Input data:
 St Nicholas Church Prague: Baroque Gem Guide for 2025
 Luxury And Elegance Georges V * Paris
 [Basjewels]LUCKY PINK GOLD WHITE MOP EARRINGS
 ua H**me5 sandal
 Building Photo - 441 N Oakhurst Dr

---

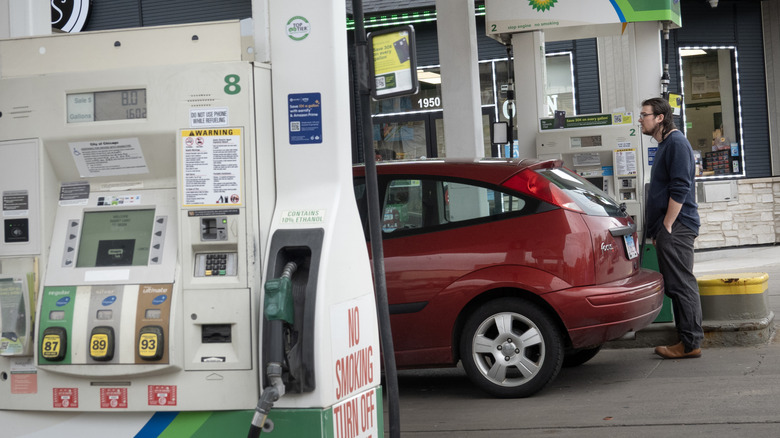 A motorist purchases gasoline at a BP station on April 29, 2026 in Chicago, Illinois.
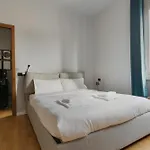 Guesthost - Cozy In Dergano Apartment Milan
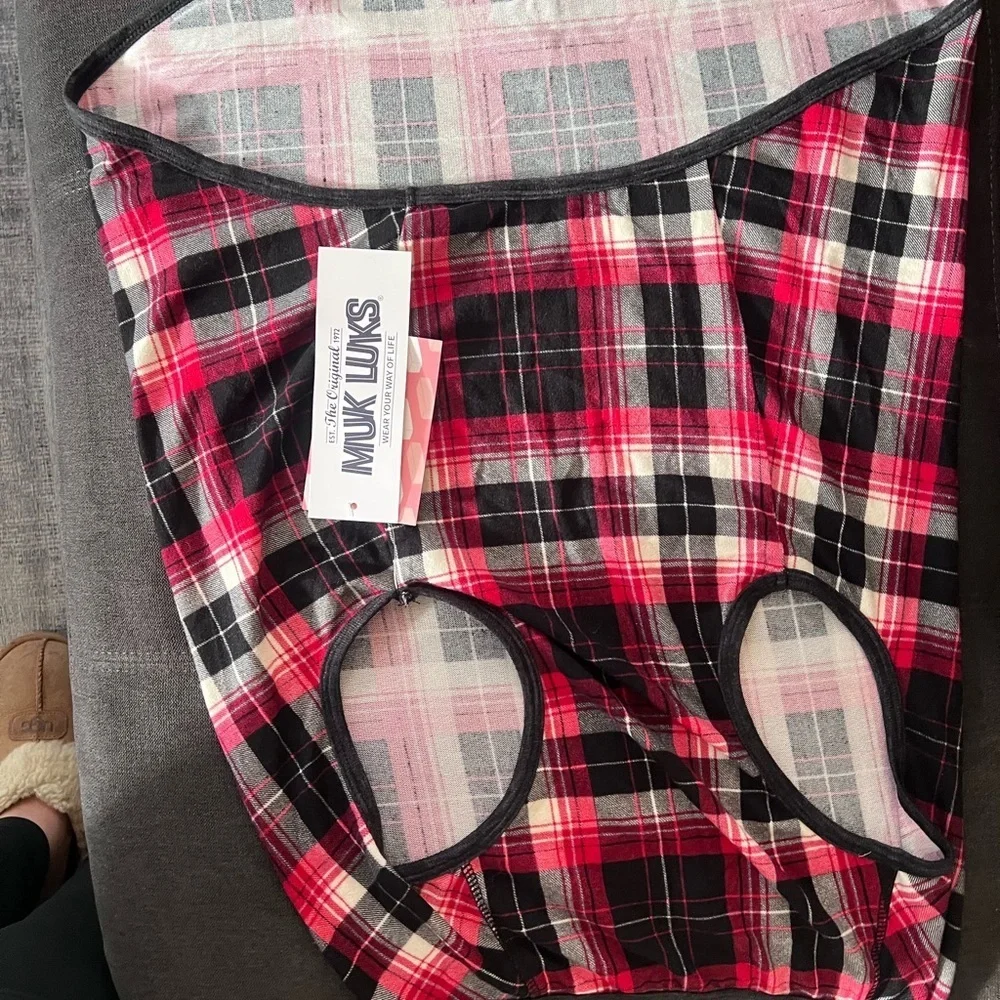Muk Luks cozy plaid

==

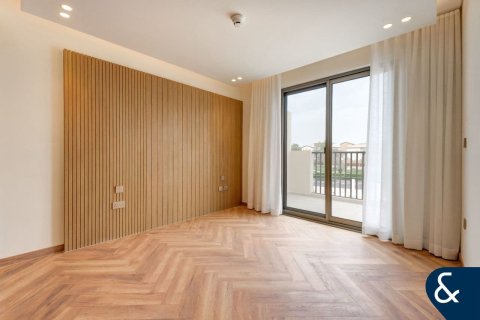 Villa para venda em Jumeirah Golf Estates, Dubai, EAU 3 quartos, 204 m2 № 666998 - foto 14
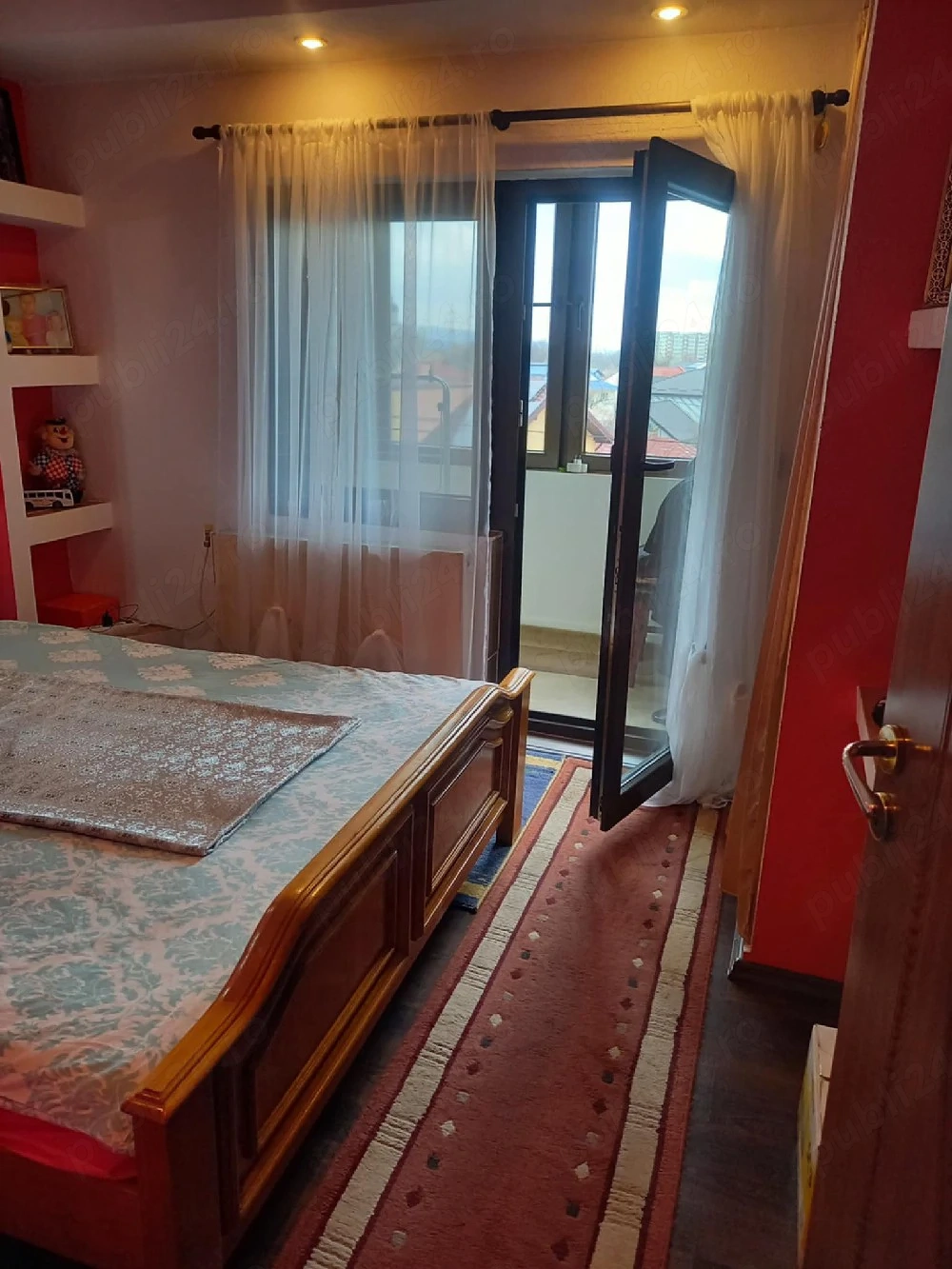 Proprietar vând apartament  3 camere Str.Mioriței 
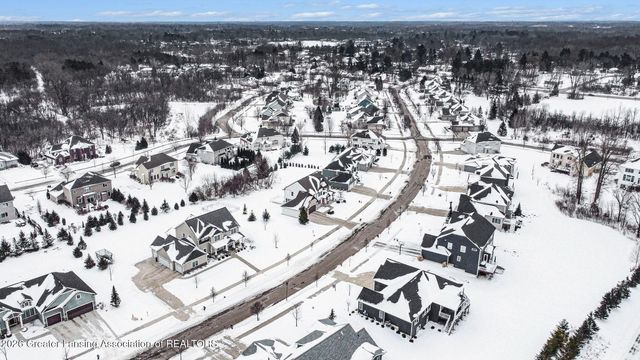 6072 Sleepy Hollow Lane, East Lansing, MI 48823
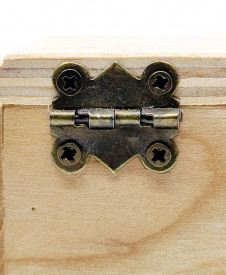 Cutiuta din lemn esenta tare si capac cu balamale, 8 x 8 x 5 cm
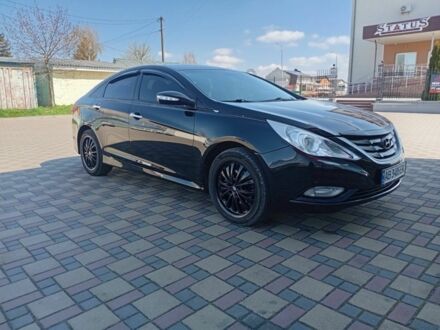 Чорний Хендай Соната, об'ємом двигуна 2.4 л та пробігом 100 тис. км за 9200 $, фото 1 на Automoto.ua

Your task:
Copy, exactly and only, the lines above that begin with the one containing "[Basjewels]LUCKY PINK GOLD" and finish with the one containing "Building Photo - 441 N Oakhurst Dr".

Response box:
 [Basjewels]LUCKY PINK GOLD WHITE MOP EARRINGS
 ua H**me5 sandal
 Building Photo - 441 N Oakhurst Dr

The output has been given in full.